* **WORK INSTRUCTION**
Pictures do not belong in the copy. Write out exactly the lines from the one containing "2012 Banknote" through the end of the data.

* **RECORDS SHOWN**
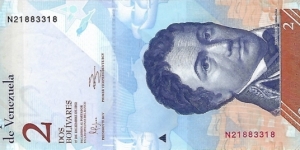 VENEZUELA 2 Bolivares
2012 Banknote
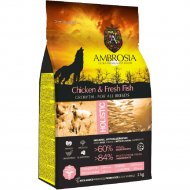 Корм для щенков «Ambrosia» Grain Free, для всех пород, курица/рыба, 2 кг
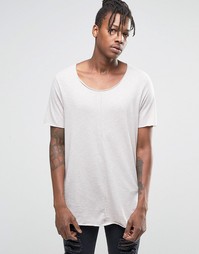 Длинная футболка ASOS - Светло-серый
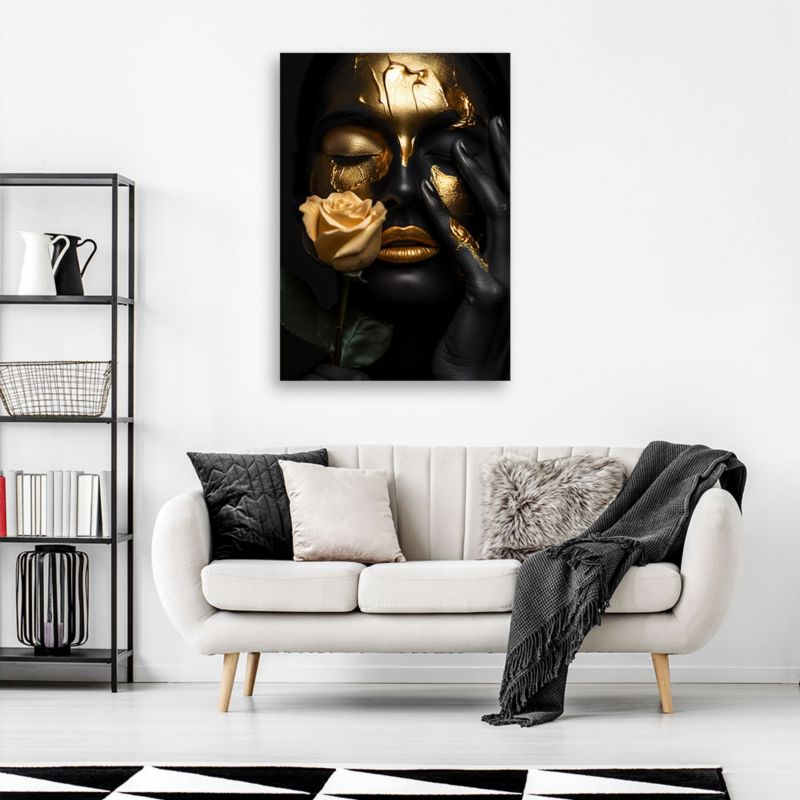 Obraz do salonu sypialni nowoczesny Feeby Złota Twarz Kobiety Glamour 60x90cm 1szt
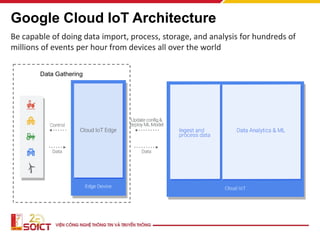 Be capable of doing data import, process, storage, and analysis for hundreds of
millions of events per hour from devices all over the world
Google Cloud IoT Architecture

* **REPLY**
2012 Banknote
 Корм для щенков «Ambrosia» Grain Free, для всех пород, курица/рыба, 2 кг
 Длинная футболка ASOS - Светло-серый
 Obraz do salonu sypialni nowoczesny Feeby Złota Twarz Kobiety Glamour 60x90cm 1szt
 Be capable of doing data import, process, storage, and analysis for hundreds of
millions of events per hour from devices all over the world
Google Cloud IoT Architecture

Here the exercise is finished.